This is really two docs in one
first doc sets up five principles and practices
second one is labeled a technical companion; it expands on each principle as well as how to operationalize it; each principle is reiterated, followed by an articulation of what the principle is important, what should be expected of automated systems in regard to following this principle, and examples of how these principles can move into practice.


b.  2024: National Institute of Standards and Technology (NIST) Artificial Intelligent Risk Management Framework

First part describes the risks as well as Trustworthy AI characteristics to mitigate the risk
Second part, in tabular form, describes mitigation plan for each risks; each risk is identified in the table by a serial number based on the first part of the document rather than by the actual name of the risk.

#### Chunking Strategy

It is clear that chunking strategies should account for the semantics in the document, as well as the fact that there are strong connections between the first and second parts of the document.  This comment applies to both documents in this assignment.

I will examine two alternatives:

(a) BASELINE: use the Swiss-army-knife chunking approach: RecursiveCharacterTextSplitter

(b) ADVANCED: Semantic Chunking



WHY I CHOSE THESE TWO CHUNKING STRATEGIES
1. RecursiveCharacterTextSplitter: if the chunk_size and chunk_overlap are set to reasonable numbers, this approach is surprisingly effective across a range of document content.  It is cost-effective, relatively easy to tune if needed, is well-suited for answering queries that are SIMPLE and those that require MULTI-CONTEXT.


2. Semantic chunking has great appeal as it groups content that is contiguous and semantically similar in a single chunk.  To that end, the chunk sizes may be rather uneven.  Advantage: It avoids artificially splitting content that may be very similar into multiple chunks which would make the retriever work harder during the retrieval process and/or perhaps miss relevant context.  The downside is that it is not as cost-effective as it requires the use of an LLM during the chunking process.  It is likely to perform well for MULTI-CONTEXT and potentially queries that require REASONING.

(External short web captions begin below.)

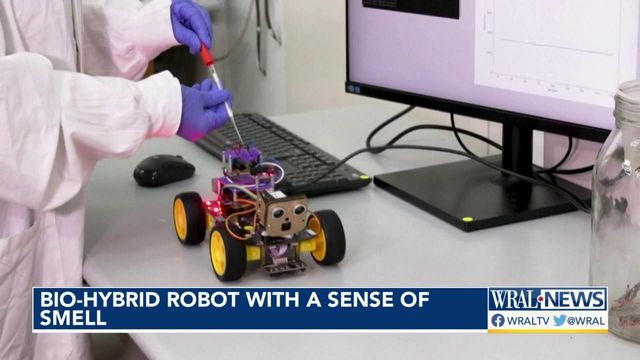 This robot has a sense of smell -- and could help save your life 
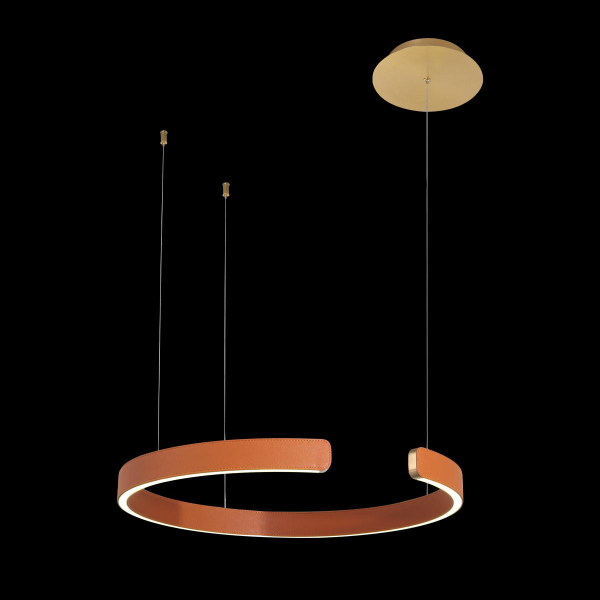 10025/400 Orange Подвесной светильник LOFT IT Ring, изображение 2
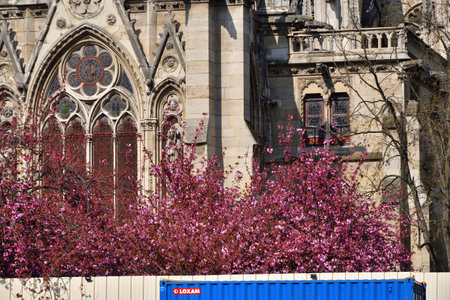 Paris, France. Notre Dame Cathedral under reconstruction. March 27, 2022.のeditorial素材
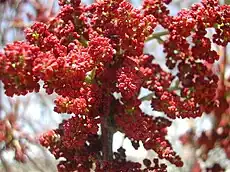 Inflorescence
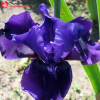Ирис карликовый "Бранниган" на фото
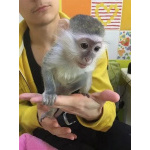 Кики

#### Formulate and Load My Test Questions

In [11]:
def load_test_questions(filename):
    """
    Loads a text file with questions

    Input
        name of file which contains a set of questions to test the RAG pipeline
    
    Output
        List of questions
    """
    with open(filename) as f:
        all_q = f.read()
        all_q_list = all_q.split('\n')
    return all_q_list

In [None]:
my_test_questions = load_test_questions(filename='./data/rag_questions_and_answers/my_test_questions.txt')
my_test_questions

## STEP 2 - Quick End-to-end Prototype RAG

#### Set Up RAG Template and RAG Prompt
> NOTE that the RAG template and RAG Prompt below will be used throughout this exercise

In [13]:
rag_template = """
Use the provided context to answer the following question.
If you can't answer the question based on the context, say you don't know.

Question:
{question}

Context:
{context}
"""

rag_prompt = ChatPromptTemplate.from_template(template=rag_template)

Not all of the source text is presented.